Du côté des scientifiques, la crise est devenue un fait qu’il s’agit de documenter. Les taxinomistes tentent de recenser les espèces qui peuplent la terre plus vite que celles-ci ne s’éteignent, les statigraphes délibèrent sur le bien-fondé d’une nouvelle époque géologique caractérisée par l’influence des activités humaines sur le système planétaire, l’anthropocène (Waters, 2016). De nouvelles disciplines voient le jour, comme les sciences du système Terre, qui allient géologie, climatologie et écologie pour étudier les changements en cours, évaluant notamment les limites biophysiques de la planète et la mesure dans laquelle plusieurs d’entre elles ont déjà été dépassées (Rockström, 2009).

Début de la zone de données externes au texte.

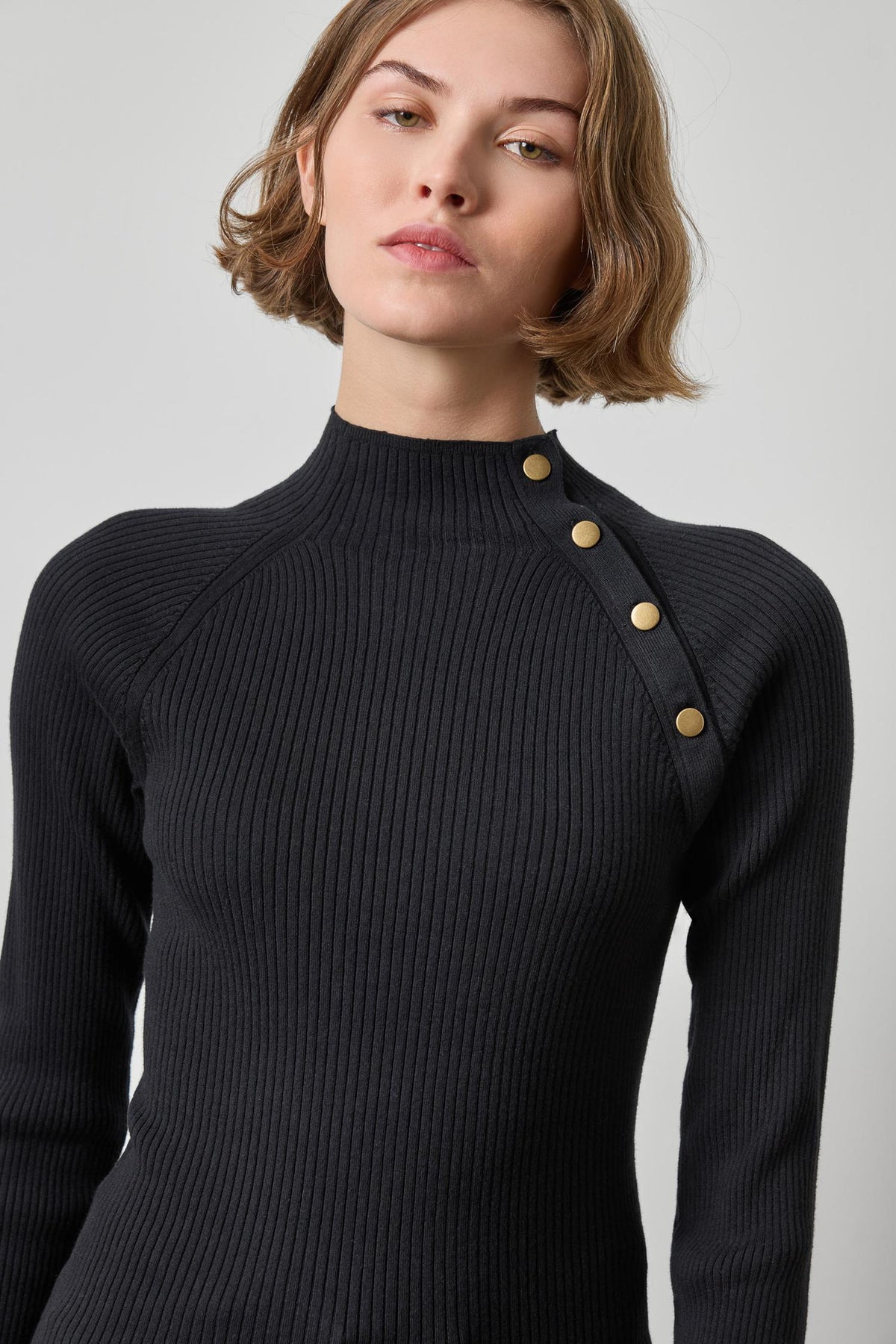 Button Neck Sweater Womens Sweater Black A3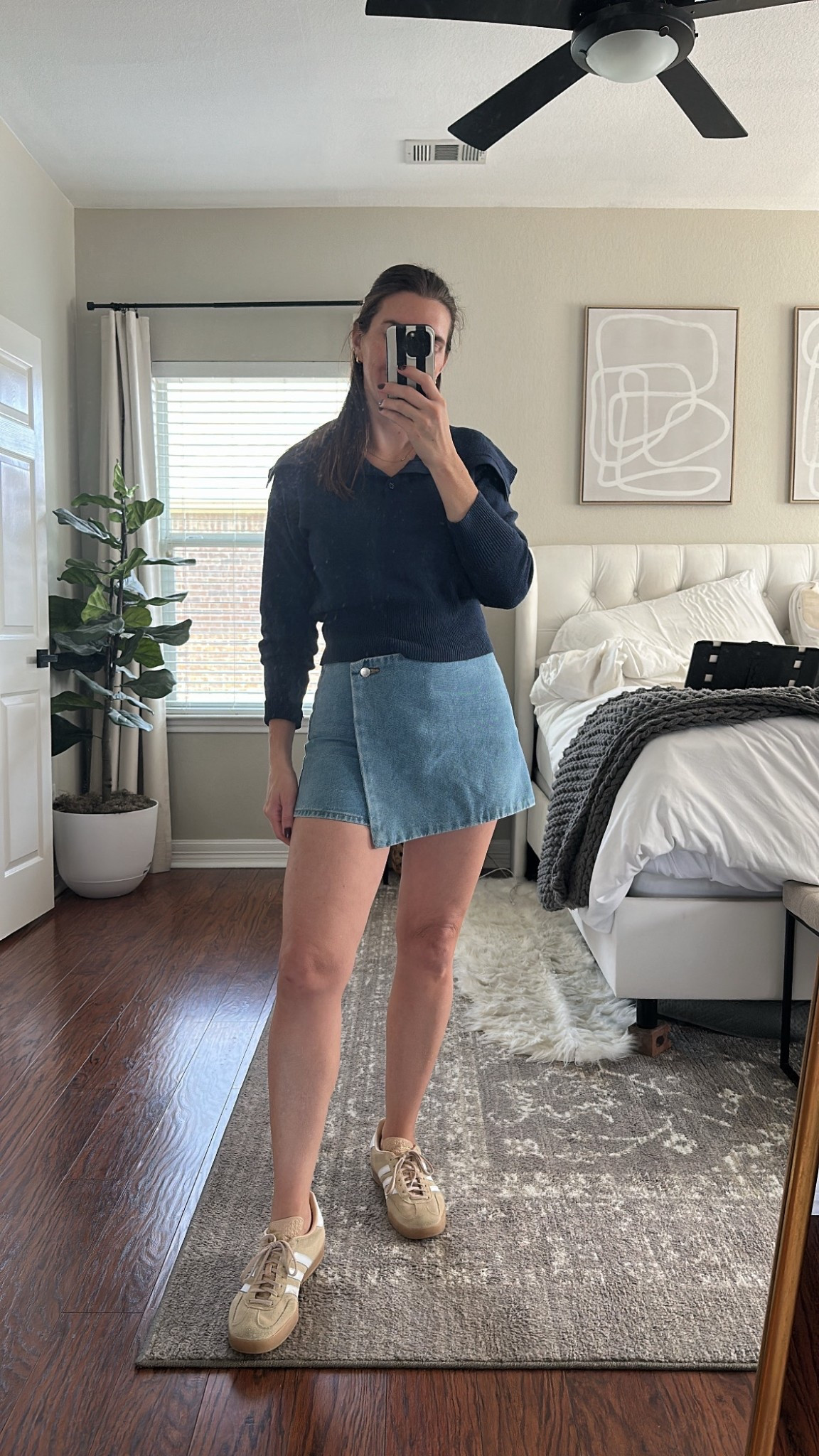 Mango denim skirt, size XS. Runs a bit large. Navy big collar sweater in a small. So comfy and soft, and not scratchy at all. Still loving my Gazelles in this color  

#LTKdayinmylife #LTKSaleAlert #LTKSeasonal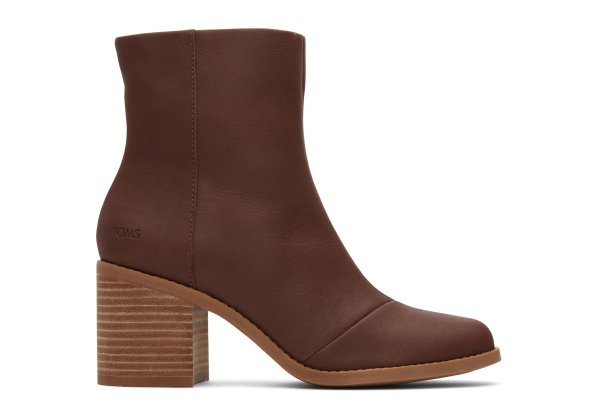 Women Evelyn Chestnut Leather Heeled Boot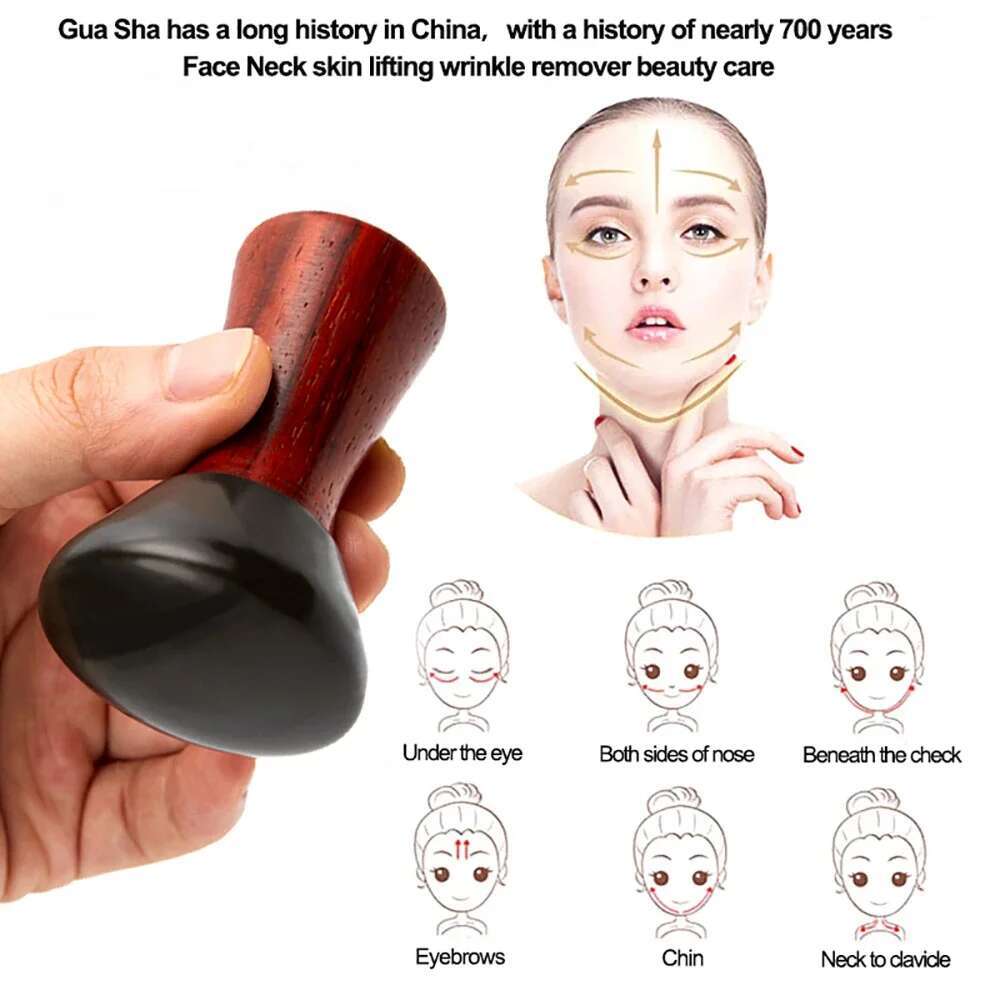 Electric Volcanic Facial Massager Natural Bian Heating Massage for Face Slim Lifting Skin Guasha Energy Stone Needle Warm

Du côté des politiques publiques, même si c’est avec des résultats encore bien insatisfaisants, la communauté internationale s’est engagée dans la lutte contre la désertification (CNULD, 1992), l’érosion de la biodiversité (CDB, 1992) ou encore les changements climatiques (CCNUCC, 1992). Les états se sont dotés d’agences et de ministères de l’environnement. Ils adoptent et révisent des stratégies nationales pour la conservation de la biodiversité, pour la qualité de l’air, pour la protection des grands fonds marins, etc. Mais ces formes d’institutionnalisation de l’action environnementale, si elles permettent peut-être de repousser la catastrophe, sont largement insuffisantes et ne semblent même pas suffire à ralentir le rythme de destruction des milieux naturels, de disparition des espèces, d’émissions de gaz à effet de serre.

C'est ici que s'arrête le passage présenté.